D'autre part, il est précisé page 4, lignes 14 et 15 "Avantageusement, la cassette 22 selon l'invention est insérée et maintenue à l'intérieur du boîtier par un simple emboîtement élastique." Ce passage indique clairement que l'emboîtement assure le maintien en place de la cassette, c'est-à-dire assure le maintien du centrage.
Il découle de ce qui précède que le bossage participe à l'emboîtement élastique et que l'emboîtement élastique assure le maintien du centrage. Ces deux fonctions présentent donc des liens fonctionnels et structurels.

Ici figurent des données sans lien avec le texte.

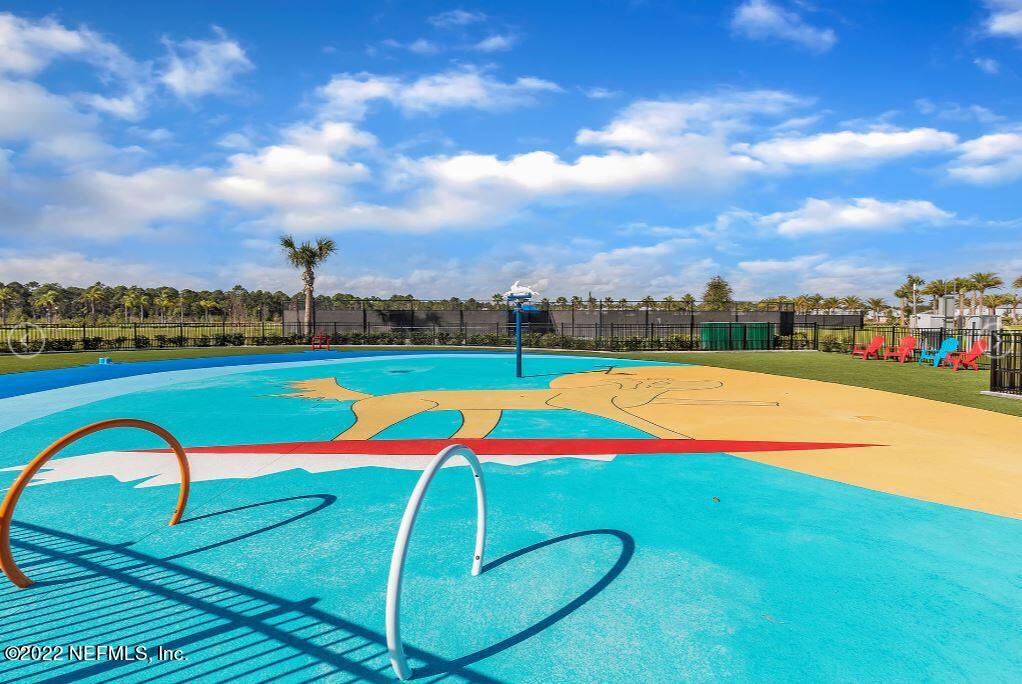 461 Rum Runner Way St. Johns, FL 32259 - Photo 5 of 13 a view of a swimming pool with an outdoor seating yard and mountain view in back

Or, selon la jurisprudence des chambres de recours, l'introduction d'une caractéristique technique tirée isolément d'un ensemble de caractéristiques qui avaient été initialement exposées les unes combinées aux autres pour un mode de réalisation spécifique n'est admissible en vertu de l'article 123(2) CBE que si, pour un homme du métier, il ressort sans le moindre doute des pièces de la demande telle que déposée qu'il n'existe aucun lien fonctionnel ou structurel manifeste entre ces caractéristiques. Tel n'est pas le cas ici, comme il a été exposé ci-dessus.
2.4 En conséquence, les modifications apportées à la revendication 1 ne satisfont pas aux exigences de l'article 123(2) CBE.
3. Revendication 1 selon la deuxième requête :
3.1 Par rapport au libellé de la revendication 1 selon la première requête, cette revendication comporte également les caractéristiques de la revendication 3 telle que délivrée. Elle précise donc que la cassette est non seulement centrée par le bossage mais également maintenue à l'intérieur du boîtier par emboîtement élastique. Cette revendication n'a soulevé aucune objection au titre de l'article 123 CBE, ni de la part de la chambre, ni de la part de l'intimée.
3.2 Aucun des documents cités (D1 à D3) ne montre en combinaison avec les autres caractéristiques revendiquées une cassette dont la paroi inférieure de fond comporte, sur sa face externe, un bossage dont la forme est complémentaire de celle de l'ouverture de la paroi inférieure du boîtier dans laquelle le bossage est reçu pour centrer la cassette qui est maintenue à l'intérieur du boîtier par emboîtement élastique.
3.3 La nouveauté est donc donnée par rapport aux documents cités.
4. Suite de la procédure :
4.1 Dans le cas présent, la chambre est arrivée à la conclusion que la revendication 1 selon la deuxième requête permettait de surmonter les objections sur lesquelles la décision attaquée était fondée. Etant donné que la procédure de recours sert en premier lieu à établir l'exactitude de la décision attaquée et que la première instance n'a pas eu l'occasion d'examiner le respect des autres conditions prévues par la CBE, la chambre considère qu'un renvoi de l'affaire devant la première instance en vertu de l'article 111(1) CBE est approprié.
4.2 La chambre décide donc de renvoyer l'affaire à la division d'opposition afin de procéder à l'examen de l'activité inventive sur la base des revendications selon la deuxième requête.
DISPOSITIF
Par ces motifs, il est statué comme suit :
1. La décision attaquée est annulée.
2. L'affaire est renvoyée à l'instance du premier degré pour suite à donner.